Set down all of the data exactly. Pictures stay out of the copy.

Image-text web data
_ _ _ _

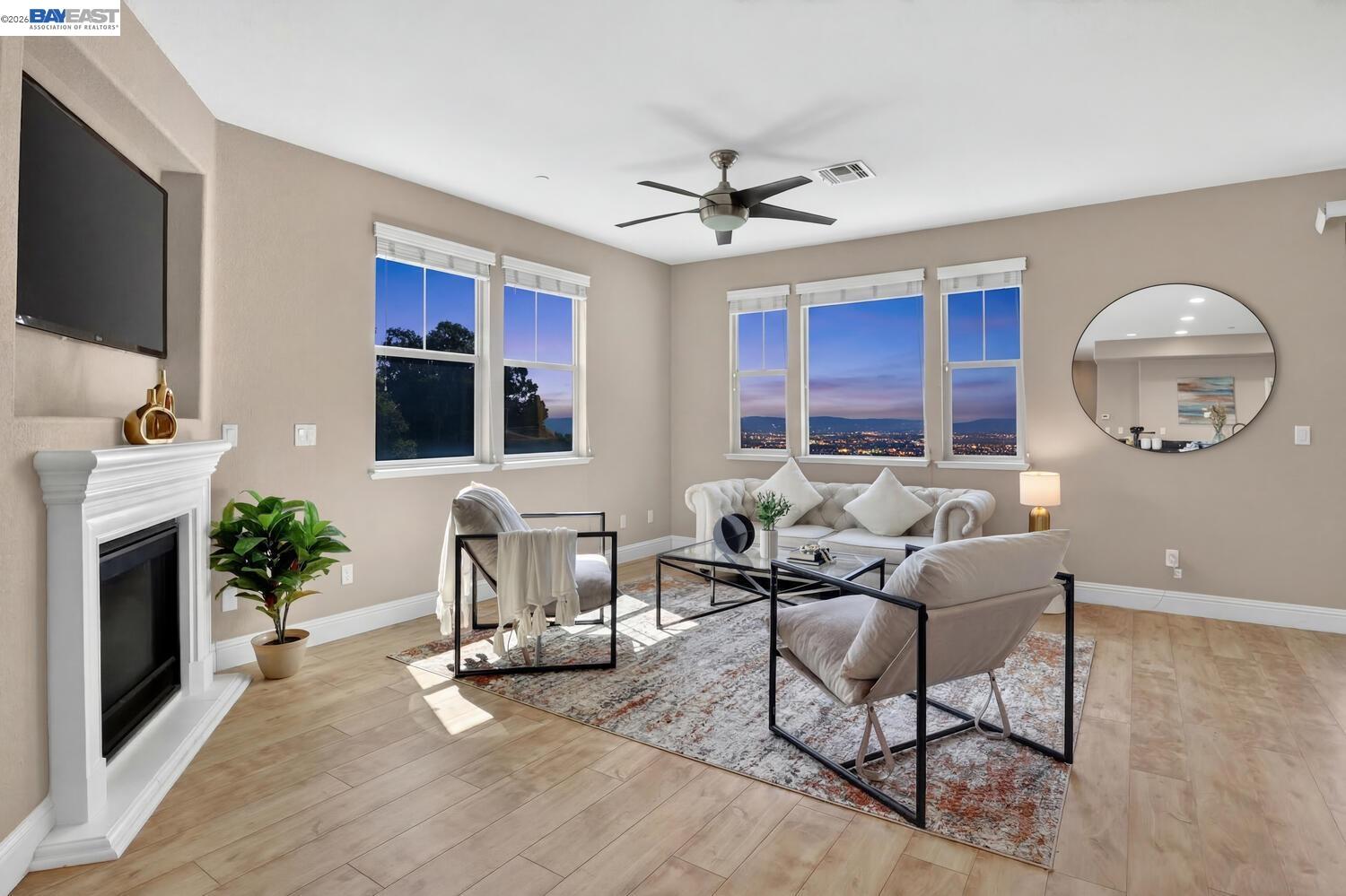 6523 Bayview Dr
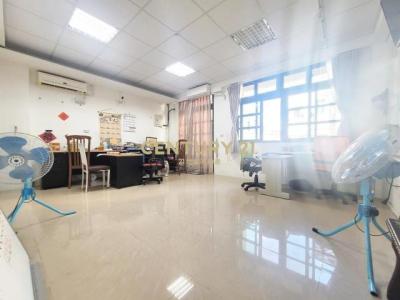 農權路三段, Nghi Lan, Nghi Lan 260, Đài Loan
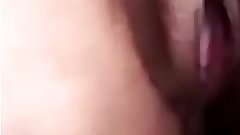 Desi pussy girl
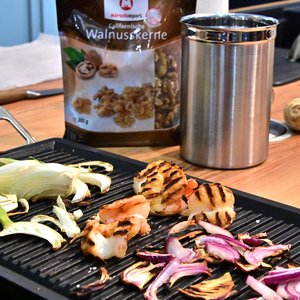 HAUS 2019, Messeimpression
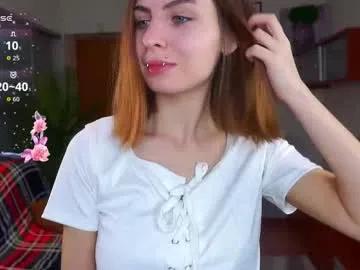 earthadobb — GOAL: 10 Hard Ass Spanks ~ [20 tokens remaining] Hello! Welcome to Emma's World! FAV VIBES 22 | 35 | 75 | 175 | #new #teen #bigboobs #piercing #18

_ _ _ _

■ Answer section ■
 6523 Bayview Dr
 農權路三段, Nghi Lan, Nghi Lan 260, Đài Loan
 Desi pussy girl
 HAUS 2019, Messeimpression
 earthadobb — GOAL: 10 Hard Ass Spanks ~ [20 tokens remaining] Hello! Welcome to Emma's World! FAV VIBES 22 | 35 | 75 | 175 | #new #teen #bigboobs #piercing #18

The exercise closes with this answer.